Wednesday, May 10, 2006, 11:12AM EST

Wii will be released worldwide in Q4 2006 with The Legend of Zelda: Twilight Princess as the key launch title, but Nintendo is keeping precise dates and price under wraps.

"Risk allows progress. We run toward risk. Change is good." That was the bullish take-home from Reggie Fils-Aime, Nintendo of America's executive vice president of sales and marketing, as the company unveiled more of its plans for the groundbreaking Wii console.

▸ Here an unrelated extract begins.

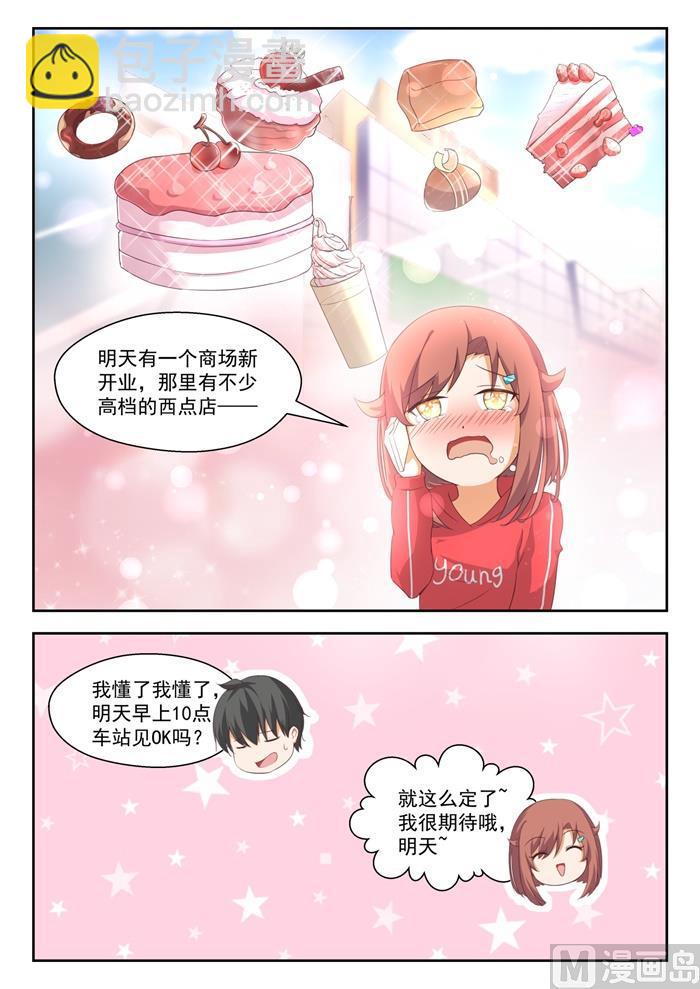 第206话 母女对谈（叶）11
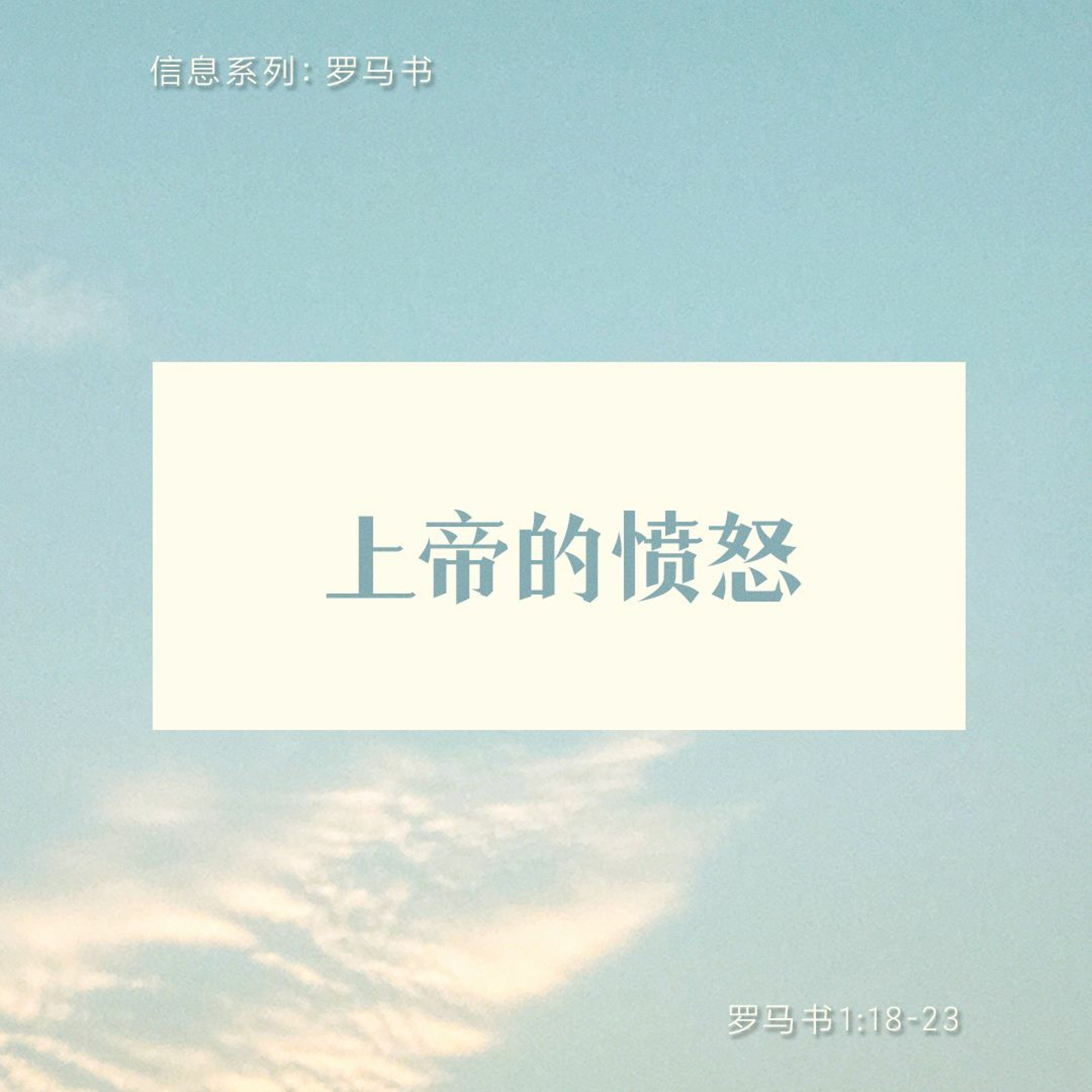 3/5/2023 【罗马书】上帝的愤怒（罗1:18-23）——王唯权 牧师 episode artwork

Fils-Aime predicted it would be affordable. "It will provide more fun for less money," he stated. The focus of the press conference at Hollywood's Kodak Theatre wasn't hardware, or even the console's online features however. "This is about inspiration, not information," he said. Software was key with the 3,000-strong audience thrilled by footage of new versions of classic Nintendo franchises such as The Legend of Zelda, WarioWare, Mario, and Metroid Prime.

Fils-Aime argued the company isn't just relying on its back catalogue. Three new titles in development include Project H.A.M.M.E.R, Disaster: Day of Crisis, and Excite Truck.

Another game that particularly highlights the potential of Wii's innovative remote controller for casual and party gaming is Wii Sports. This collection of sports such as tennis, ping-pong, golf, and baseball uses the main controller's positional and acceleration sensors to enable players to use it as a bat, club, or racket, with subtle techniques such as backspin or slice enabled by a flick of the wrist.

The flexibility of the system was also demonstrated as a player fought his way through a dungeon in The Legend of Zelda: Twilight Princess.

"Wii will entice new players with new experiences," explained Nintendo president Satoru Iwata. "To expand the total number of players, we must make our experience friendlier and more compelling."

It was also revealed that Wii's Nunchuck controller contains motion-tracking features, while the main Remote features a speaker to enable interactive sounds to be used to enhance gameplay.

As for the issue of the console's name, Fils-Aime remained unrepentant. "Wii is the sound of inclusion," he said, also thanking those who had supported Nintendo's decision. "All two of you," he joked.

The company's response to such commentary will be available on the show floor, with 27 Wii titles promised. Support from third-party publishers includes Ubisoft's launch game Red Steel, Sega's Sonic the Hedgehog, Square Enix's Final Fantasy Crystal Chronicles: Crystal Bearers, and EA's Madden NFL.

"Feel our answer," Fils-Aime said. "Playing is believing."